### Required work
Your task is to restate every entry below word for word and omit the images.

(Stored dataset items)
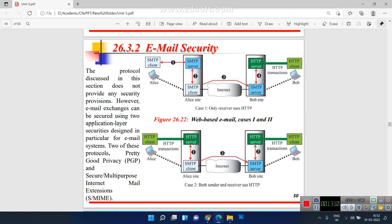Regarding email security, the SMTP protocol does not provide any inherent security provisions. Security can be provided only by Pretty Good Privacy (PGP). Without additional security, the information is simply transferred from client to server with the help of email servers. Thank you for watching.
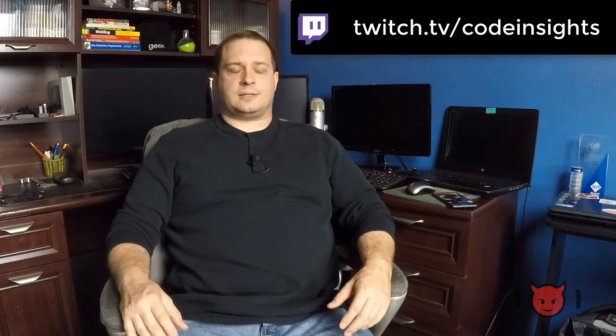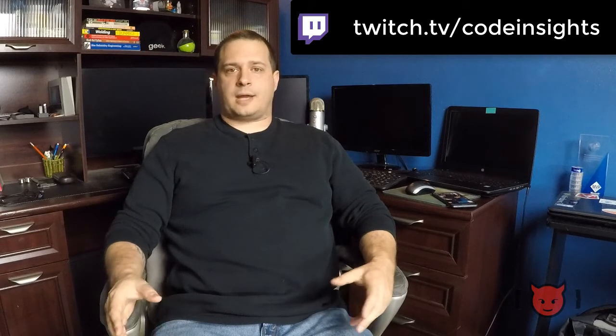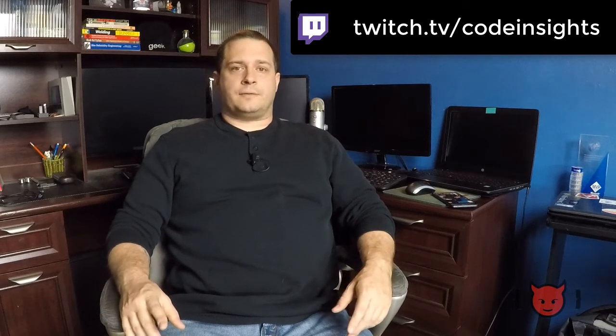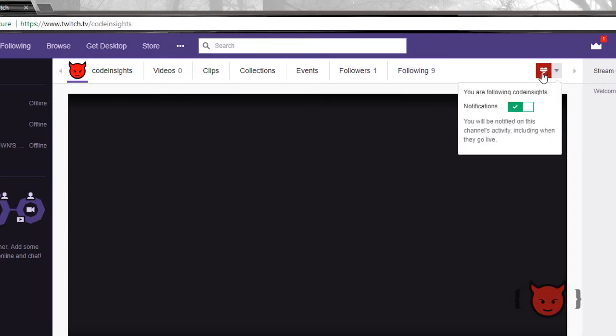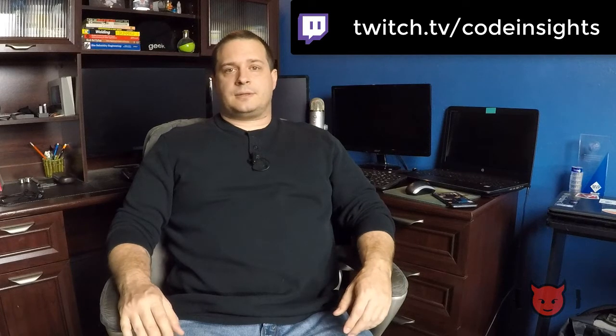I thought Twitch would be a really good way to deliver content to you guys, and it's definitely a much better way for me to interact with you as well. So if you like the channel and the content, do me a favor and go over to the Twitch page and click the follow button. By clicking follow, you'll get notified anytime we go live with a new stream.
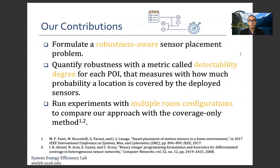What are our contributions? Firstly, we formulate a robustness-aware sensor placement problem. Most importantly, we quantify the robustness with a metric called detectability degree for each point of interest, which measures with how much probability the location is covered by the deployed sensors. To show the validity of our model, we run experiments with multiple room configurations and make comparisons with state-of-the-art coverage-only methods.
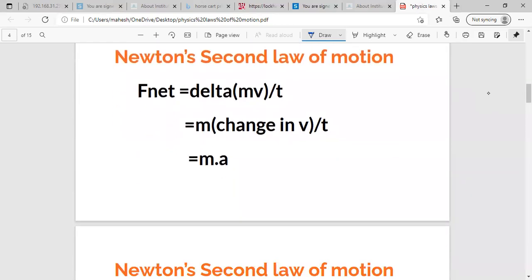The second law can also be written as F equals m times a, where a is the acceleration and m is constant mass.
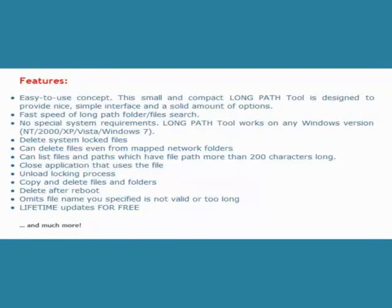Visit our site today and download a fully functional version of LongPath Tool 3.1 and enjoy your free trial.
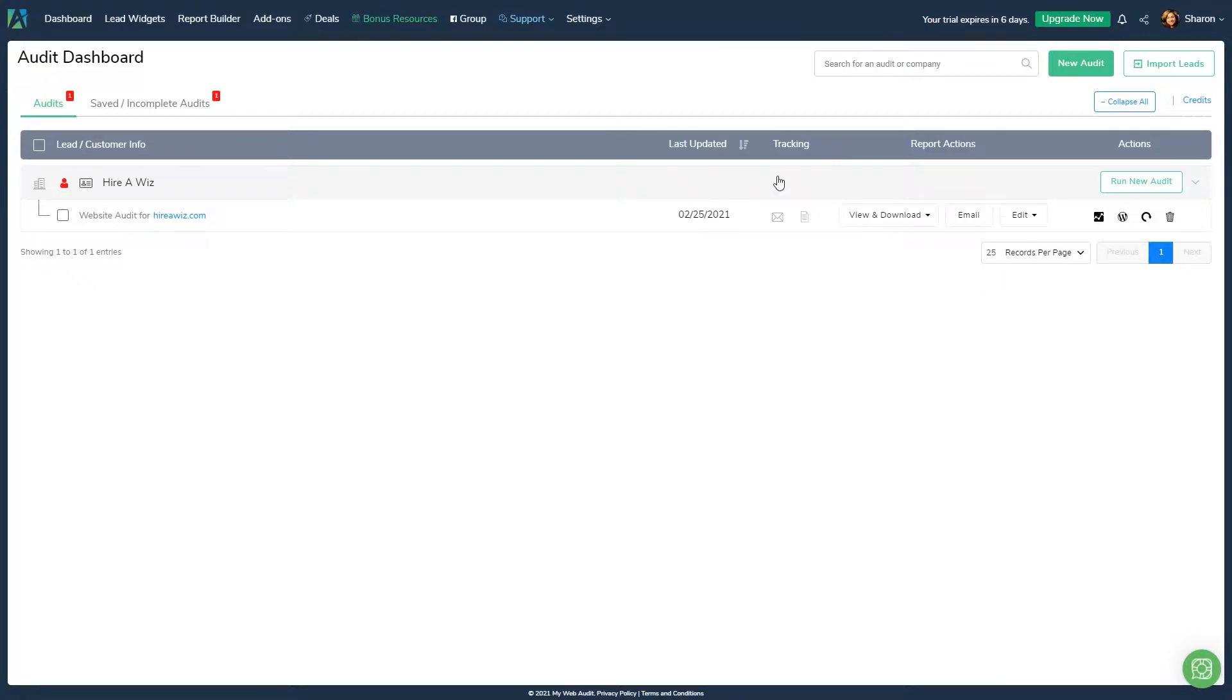Hi there, my name is Sharon, Customer Success Manager here at MyWebAudit. Now that your account is set up, it's time to run your first website audit.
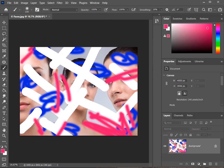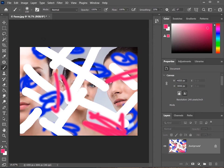So to undo, you press Ctrl-Z on the keyboard. To redo, you press Ctrl-Shift-Z on the keyboard.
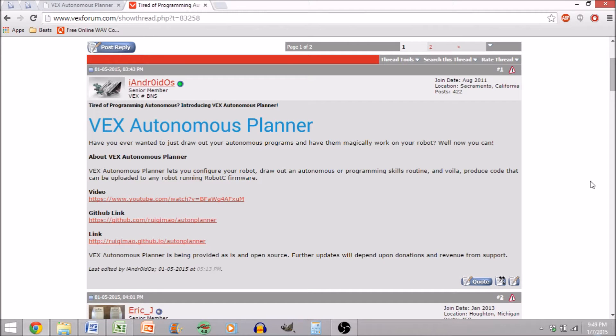What's up, guys? This is Luke, and today we're going to be doing a follow-up video to the previous video on the VEX Autonomous Planner.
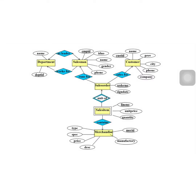From the ER diagram, line number is the primary key of sales item. Because this is a double diamond, order number is also part of the primary key. So the primary key of sales item is line number and order number.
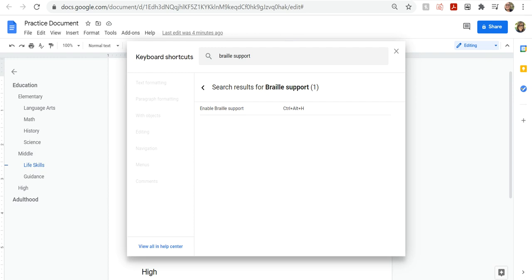Then I can press arrow down once I'm in the table and find out what my keyboard command is. Control plus Alt plus H. Enable braille support.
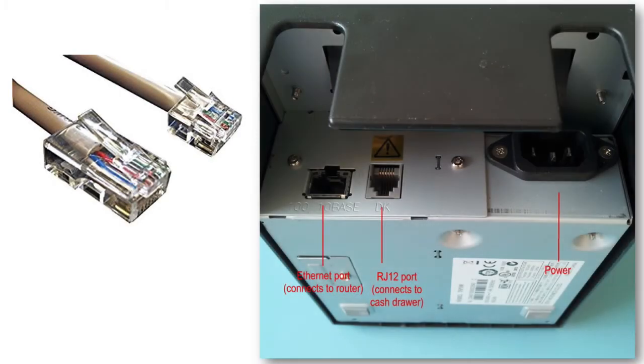To set up the cash drawer with your Epson, plug the RJ-12 connector cable from the cash drawer into the receipt printer.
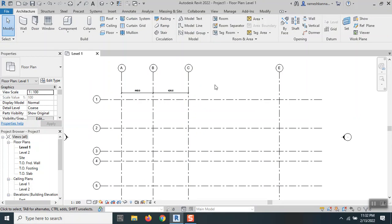We'll talk about other methods in which we can create grid lines. We can create not only linear grid lines but also non-linear curved grid lines. Until then, bye-bye.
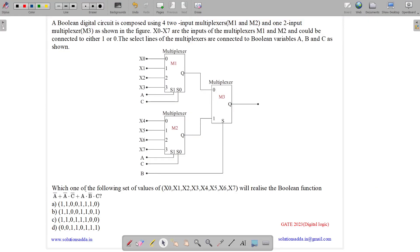This question belongs to digital logic design subject and was asked in GATE CSE 2023. The question states: a boolean digital circuit is composed using four two-input multiplexers. M1 and M2 are two four-input multiplexers and one two-input multiplexer M3 as shown in figure.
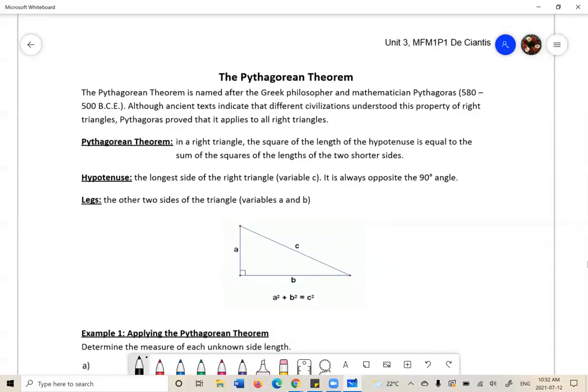Welcome to the first lesson of Unit 3, which is on the Pythagorean Theorem and Perimeter and Area of Composite Figures. The Pythagorean Theorem was introduced in grade 7 and 8, so this will be a review, hopefully.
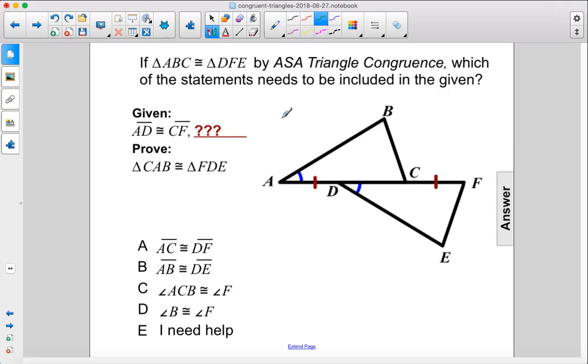If triangle ABC is congruent to triangle DFE by ASA triangle congruence, which of the statements needs to be included in the given?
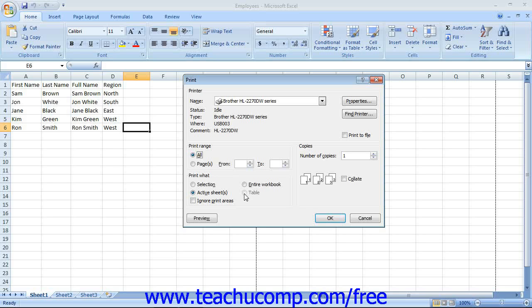Also note that you can save time when printing multiple worksheets within the same workbook by first selecting those worksheets as a group and then printing them. To do this, you would first select the sheets you want to print as a group, then open the Print dialog box and ensure that the Option button for Active Sheets within the Print What section is selected.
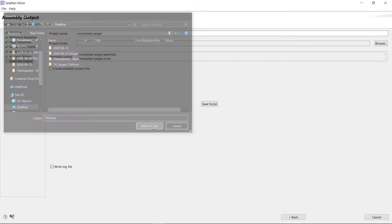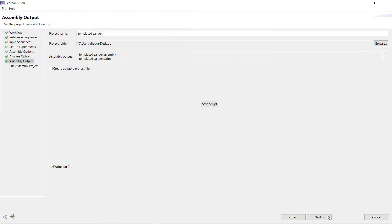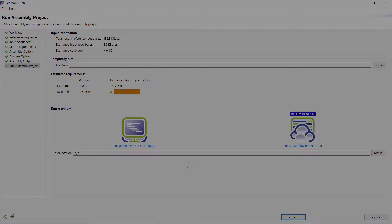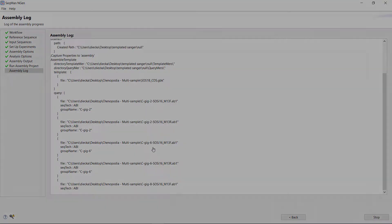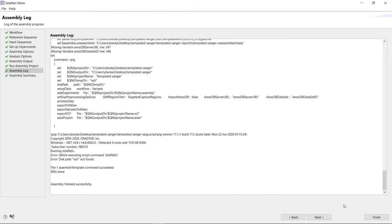Then, click Next. Here, you want to select Run Assembly on this computer. Once the assembly is complete, click Next.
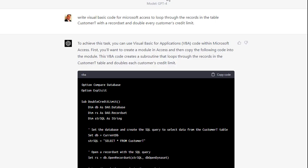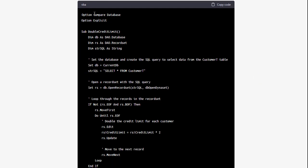Yesterday I decided to test ChatGPT with some VBA code. I said: write Visual Basic code for Microsoft Access to loop through the records in a table CustomerT with a record set and double every customer's credit limit. It gave me near-perfect code to achieve this task. It explained to create a module, then copy the following code — a subroutine that loops through the records in the CustomerT table and doubles each customer's credit limit.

### Expected answer
Regarding email security, the SMTP protocol does not provide any inherent security provisions. Security can be provided only by Pretty Good Privacy (PGP). Without additional security, the information is simply transferred from client to server with the help of email servers. Thank you for watching.
I thought Twitch would be a really good way to deliver content to you guys, and it's definitely a much better way for me to interact with you as well. So if you like the channel and the content, do me a favor and go over to the Twitch page and click the follow button. By clicking follow, you'll get notified anytime we go live with a new stream.
What are our contributions? Firstly, we formulate a robustness-aware sensor placement problem. Most importantly, we quantify the robustness with a metric called detectability degree for each point of interest, which measures with how much probability the location is covered by the deployed sensors. To show the validity of our model, we run experiments with multiple room configurations and make comparisons with state-of-the-art coverage-only methods.
The second law can also be written as F equals m times a, where a is the acceleration and m is constant mass.
Visit our site today and download a fully functional version of LongPath Tool 3.1 and enjoy your free trial.
Hi there, my name is Sharon, Customer Success Manager here at MyWebAudit. Now that your account is set up, it's time to run your first website audit.
So to undo, you press Ctrl-Z on the keyboard. To redo, you press Ctrl-Shift-Z on the keyboard.
What's up, guys? This is Luke, and today we're going to be doing a follow-up video to the previous video on the VEX Autonomous Planner.
From the ER diagram, line number is the primary key of sales item. Because this is a double diamond, order number is also part of the primary key. So the primary key of sales item is line number and order number.
Then I can press arrow down once I'm in the table and find out what my keyboard command is. Control plus Alt plus H. Enable braille support.
To set up the cash drawer with your Epson, plug the RJ-12 connector cable from the cash drawer into the receipt printer.
We'll talk about other methods in which we can create grid lines. We can create not only linear grid lines but also non-linear curved grid lines. Until then, bye-bye.
This question belongs to digital logic design subject and was asked in GATE CSE 2023. The question states: a boolean digital circuit is composed using four two-input multiplexers. M1 and M2 are two four-input multiplexers and one two-input multiplexer M3 as shown in figure.
Welcome to the first lesson of Unit 3, which is on the Pythagorean Theorem and Perimeter and Area of Composite Figures. The Pythagorean Theorem was introduced in grade 7 and 8, so this will be a review, hopefully.
If triangle ABC is congruent to triangle DFE by ASA triangle congruence, which of the statements needs to be included in the given?
Also note that you can save time when printing multiple worksheets within the same workbook by first selecting those worksheets as a group and then printing them. To do this, you would first select the sheets you want to print as a group, then open the Print dialog box and ensure that the Option button for Active Sheets within the Print What section is selected.
Then, click Next. Here, you want to select Run Assembly on this computer. Once the assembly is complete, click Next.
Yesterday I decided to test ChatGPT with some VBA code. I said: write Visual Basic code for Microsoft Access to loop through the records in a table CustomerT with a record set and double every customer's credit limit. It gave me near-perfect code to achieve this task. It explained to create a module, then copy the following code — a subroutine that loops through the records in the CustomerT table and doubles each customer's credit limit.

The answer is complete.